# Who is heading to Daytona for Speedweeks?



## anhieser (Jan 25, 2013)

Who all is making the trip to Daytona for Speedweeks?  Infield or Grandstands?
Gen 6 cars looked better in Charlotte than Daytona.


----------



## Georgia Hard Hunter (Jan 25, 2013)

NASCAR has to prove to me they can produce a entertaining, competitive product with these new cars before they get a penny from me after the crap they've called a show they have been putting on for the last several years. I hoping for a competitive show and some passing, and a display of driver skills not just how the technology can hook up a race car.


----------



## nickel back (Jan 25, 2013)

I agree with GHH.

will not give NASCAR another dime of my money.


----------



## specialk (Jan 25, 2013)

anhieser said:


> Who all is making the trip to Daytona for Speedweeks?  Infield or Grandstands?
> Gen 6 cars looked better in Charlotte than Daytona.



to much hunting left to do till the end of febuary for me......i'll head to dega in the spring and fall and atlanta on labor day.......thinking hard about richmond this year too.....


----------



## skeeter24 (Jan 25, 2013)

I will be headed down for the shoot out in a few weeks


----------



## specialk (Jan 25, 2013)

skeeter24 said:


> I will be headed down for the shoot out in a few weeks



you staying thru till the big dance too??


----------



## anhieser (Jan 25, 2013)

*.*

Wow.  Negative crowd.  Not the kind of response I was expecting.  

Anyway....Yes, I will be there the whole time.  Start tomorrow for the 24 hour race and stay until Monday after the 500.


----------



## KyDawg (Jan 25, 2013)

Been going to Daytona off and on since 1963. I wont be there this year.
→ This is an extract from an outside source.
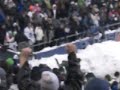 snowballs thrown at jets person snowballs thrown at jets person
I predict record low crowds at most venues this year.


----------



## specialk (Jan 25, 2013)

anhieser said:


> Wow.  Negative crowd.  Not the kind of response I was expecting.
> 
> Anyway....Yes, I will be there the whole time.  Start tomorrow for the 24 hour race and stay until Monday after the 500.



haters gonna' hate.....enjoy yourself and post up some pics!


----------



## specialk (Jan 25, 2013)

KyDawg said:


> Been going to Daytona off and on since 1963. I wont be there this year. I predict record low crowds at most venues this year.



i sure hope so....i hate waiting in long lines and sitting in traffic.....


----------



## DBM78 (Jan 25, 2013)

My uncle had been going to speedweeks for 30 plus straight years. He even has a condo in Daytona he hasn't went the past 2 years. The Racing the worst its been and tickets are the hightest ever.  

I'm not planning on any Nascar races this year. Maybe a truck race or Outlaw race up at Dixie that's it. I am going to try to go the NHRA race up in Commerce.


----------



## jiminbogart (Jan 27, 2013)

I wish NASCAR would stop using spec cars and start using "real" cars. Bring back the excitment of the early days. Just keep the cars safer. 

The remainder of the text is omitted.